Rex v Zikalala is an important case in South African criminal law, heard on February 27, 1953. Zikalala, the appellant, had been charged and convicted of the culpable homicide in causing the death of one Alpheus Tsele. On appeal to the Appellate Division, he successfully argued self-defence.

== Facts ==
Zikalala had been convicted of culpable homicide on a charge of murder. It appeared, however, that the trial court had found that the evidence for the defence might reasonably be substantially true.

== Judgment ==
The Appellate Division set the conviction. The trial court, it held, should have had, on the basis of finding that the evidence for the defence might reasonably be substantially true, and in the light of the circumstances and considerations reflected in the evidence, a reasonable doubt as to whether the Crown had established that the appellant had not killed the deceased lawfully in private-defence.
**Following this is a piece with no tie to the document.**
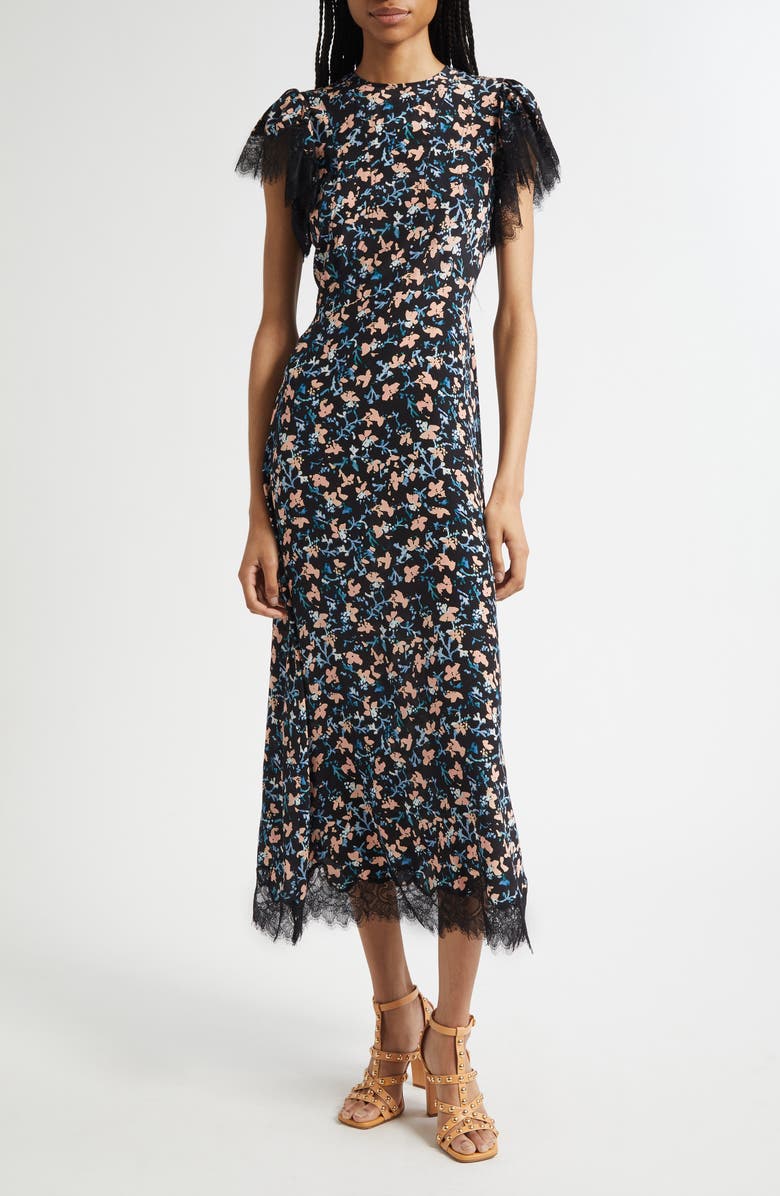 Ulla Johnson Renee Lace Trim Flutter Sleeve Silk Cocktail Dress, Main, color, Nocturne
The court endorsed the following propositions from Gardiner and Lansdown, based on authority:

Where a man can save himself by flight, he should flee rather than kill his assailant [...]. But no one can be expected to take to flight to avoid an attack, if flight does not afford him a safe way of escape. A man is not bound to expose himself to the risk of a stab in the back, when by killing his assailant he can secure his own safety [...]. In considering the question of self-defence, a jury must endeavour to imagine itself in the position in which the accused was.

For the court a quo, it was "difficult to understand why the accused didn't cry out for help and why the other people there did not overpower the deceased." This observation, held Van den Heever JA for the Appellate Division, was

based on general knowledge of human reactions and not on the evidence. One knows from experience in trial cases that natives are apt to take up the attitude "that is their business", and that the principal actors in such a scene are apt to resent the interference of outsiders. In any event, nobody is ambitious to overpower an aggressor armed with a lethal weapon.
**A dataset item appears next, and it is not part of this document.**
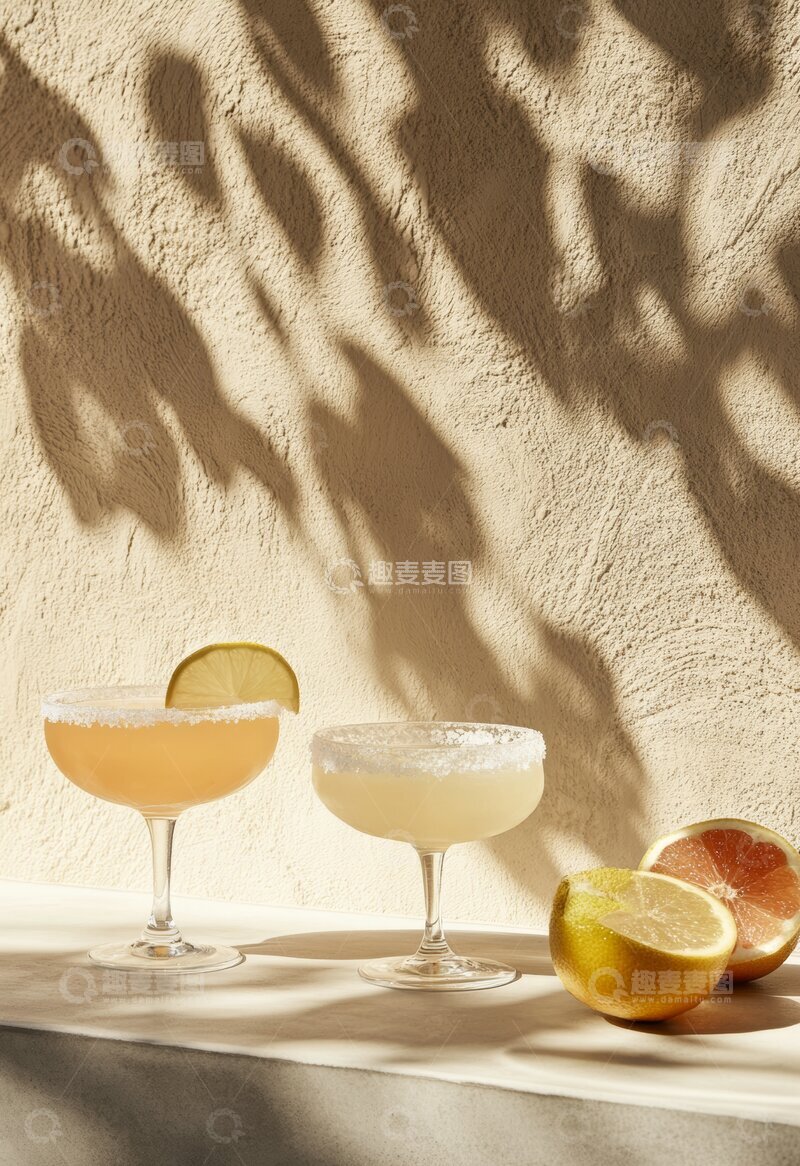 高清大图下载【趣麦麦图】两款鸡尾酒与水果在光影墙前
The court a quo also said it had "great difficulty in this case in holding that the accused could not get away and that he did not have a reasonable chance to get away if he wanted to." Van den Heever JA, responding to this, noted that the hall in which the murder had occurred

was packed and that movement therein was difficult. But the observation places a risk upon the appellant that he was not obliged to bear. He was not called upon to stake his life upon "a reasonable chance to get away". If he had done so he may well have figured as the deceased at the trial, instead of as the accused person. Moreover, one must not impute to a person who suddenly becomes the object of a murderous attack that mental calm and ability to reason out ex post facto ways of avoiding the assault without having recourse to violence.